AIM OF THE TASK. Your answer should be the line containing "MET Terranova MIPS Casque, Olive" and every line after it to the end of the records below, word for word.

SUPPLIED INFORMATION.

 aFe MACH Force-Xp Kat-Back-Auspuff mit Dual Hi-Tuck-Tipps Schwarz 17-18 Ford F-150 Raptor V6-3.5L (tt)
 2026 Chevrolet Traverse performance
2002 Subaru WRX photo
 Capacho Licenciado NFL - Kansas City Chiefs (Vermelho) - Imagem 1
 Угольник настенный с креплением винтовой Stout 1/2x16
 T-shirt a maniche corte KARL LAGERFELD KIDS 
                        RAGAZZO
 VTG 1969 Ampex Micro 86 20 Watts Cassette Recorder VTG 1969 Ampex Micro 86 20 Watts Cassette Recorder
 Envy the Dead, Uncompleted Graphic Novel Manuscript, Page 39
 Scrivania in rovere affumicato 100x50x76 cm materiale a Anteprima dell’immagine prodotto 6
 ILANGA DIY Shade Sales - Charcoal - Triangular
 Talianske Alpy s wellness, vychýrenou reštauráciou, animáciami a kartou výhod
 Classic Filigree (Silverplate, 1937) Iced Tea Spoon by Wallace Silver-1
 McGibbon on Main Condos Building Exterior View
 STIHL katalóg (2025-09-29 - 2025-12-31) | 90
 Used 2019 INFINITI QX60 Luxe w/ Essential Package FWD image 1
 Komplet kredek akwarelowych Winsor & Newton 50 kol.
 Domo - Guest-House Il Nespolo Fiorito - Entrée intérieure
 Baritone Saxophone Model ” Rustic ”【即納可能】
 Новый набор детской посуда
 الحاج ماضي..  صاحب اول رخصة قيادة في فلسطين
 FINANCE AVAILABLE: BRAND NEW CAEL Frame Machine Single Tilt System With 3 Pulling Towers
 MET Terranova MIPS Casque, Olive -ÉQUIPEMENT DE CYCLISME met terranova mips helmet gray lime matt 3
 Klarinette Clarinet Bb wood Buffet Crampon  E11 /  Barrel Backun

COMPLETED EXERCISE.
 MET Terranova MIPS Casque, Olive -ÉQUIPEMENT DE CYCLISME met terranova mips helmet gray lime matt 3
 Klarinette Clarinet Bb wood Buffet Crampon  E11 /  Barrel Backun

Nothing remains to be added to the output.